WORK REQUIRED: Could you output exactly the lines running from the one containing "New 2026 GMC" to the final line of the listing below, leaving out pictures?
____
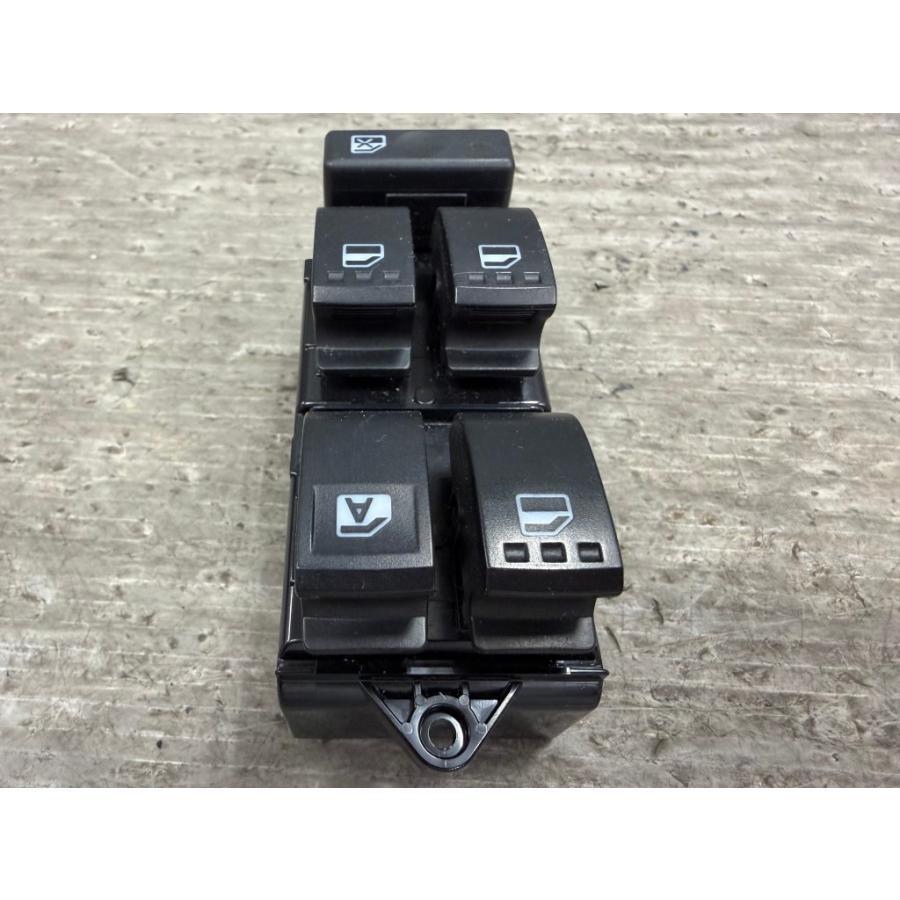 タント G SA (LA600S) 純正 右前 パワーウィンドウスイッチ 84820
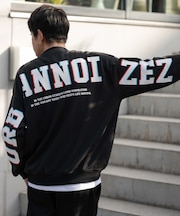 アクセ付き裏シャギーグラフィックプルオーバー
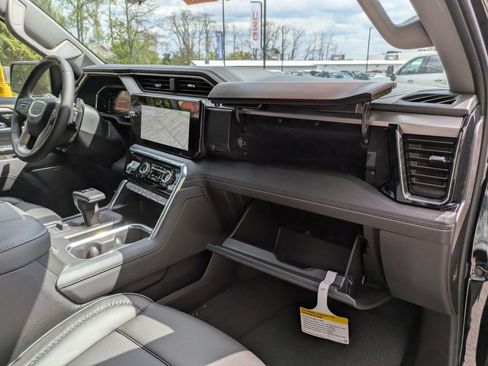 New 2026 GMC Sierra 1500 Denali AWD/4WD image 27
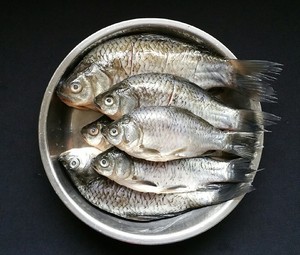 The Beautiful Encounter of Crucian Carp and Soybean Paste recipe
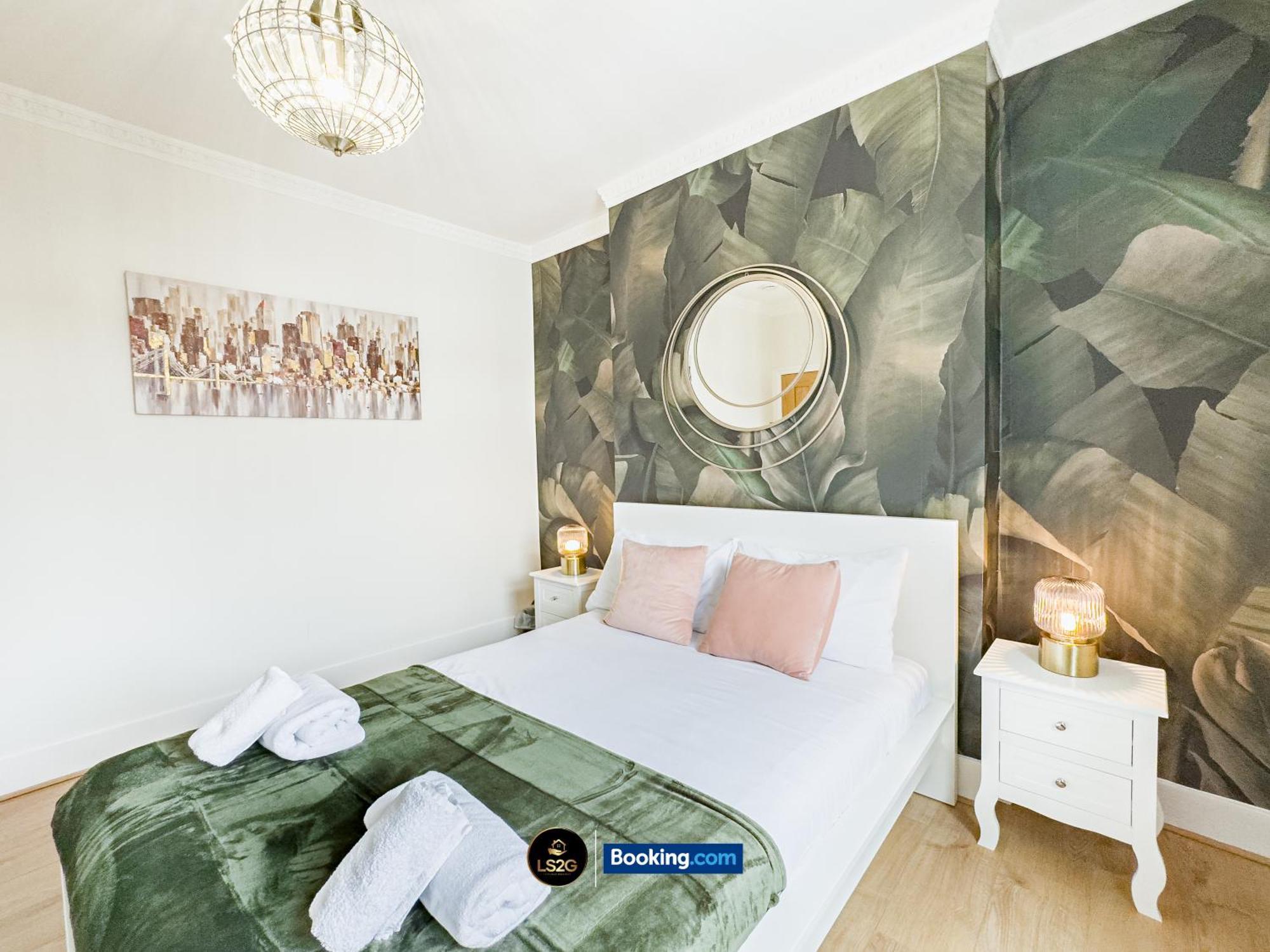 Stunning House By Ls2G Short Lets & Serviced Accommodation Greater London With Free Wifi Londres Exterior foto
____
RESPONSE AREA:
 New 2026 GMC Sierra 1500 Denali AWD/4WD image 27
 The Beautiful Encounter of Crucian Carp and Soybean Paste recipe
 Stunning House By Ls2G Short Lets & Serviced Accommodation Greater London With Free Wifi Londres Exterior foto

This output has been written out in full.